The Ontario Securities Commission leveled the accusations against Eugene Melnyk in its opening arguments at a hearing looking into the company's accounting and disclosure practices.

The case dates back to 2001, but focuses specifically on a Biovail warning of a revenue shortfall following an October 2003 truck crash involving a shipment of Wellbutrin antidepressant, and the company's disclosure of the impact of that incident on its 2003 results.

(The accident) provided Biovail with an opportunity to provide the marketplace with a partial explanation for this earnings miss, an explanation which attributes a significant portion of the third-quarter revenue short fall to the truck accident, suggesting the truck accident was a one-time event and out of Biovail's control, OSC counsel Johanna Superina, said in her opening statements.

But Superina argued that Canada's biggest publicly traded drug company was worried in the weeks up to the end of the third quarter that it would not meet its previously released outlook for revenue of between $260 million and $300 million.

In fact Melnyk stated in a late August 2003 internal e-mail that we are having problems everywhere.

Superina charged that the company, in which Melnyk served as chief executive at the time of the accident, inflated the value of the drugs on the truck to between $15 million and $20 million to justify its revenue shortfall. Superina said the real value was around $5 million.

She also alleged the truck crash had no real impact on the third quarter as it occurred one day after the end of the period and would not have been considered revenue as it had not been delivered to the U.S. distributor, GlaxoSmithKline (GSK.L), until a few days into the fourth quarter.

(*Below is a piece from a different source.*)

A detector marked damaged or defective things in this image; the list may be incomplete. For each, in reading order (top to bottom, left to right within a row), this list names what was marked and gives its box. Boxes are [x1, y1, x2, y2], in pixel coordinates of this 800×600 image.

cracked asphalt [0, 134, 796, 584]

Superina said that a series of Biovail press releases and conference calls misled investors about the true impact of the multi-vehicle crash outside Chicago, which killed eight people.

Melnyk contributed to the deception by approving the press releases and participating in the subsequent conference calls.

The OSC hearing, which saw repeated delays in starting, is scheduled to continue into the fall.

Earlier this year, three other former Biovail employees settled with the commission.

Biovail also agreed to pay $5.4 million, including $1.3 million in legal costs, to the OSC.

Last month Melnyk agreed to pay a $1 million fine in a case brought by the U.S. Securities and Exchange Commission.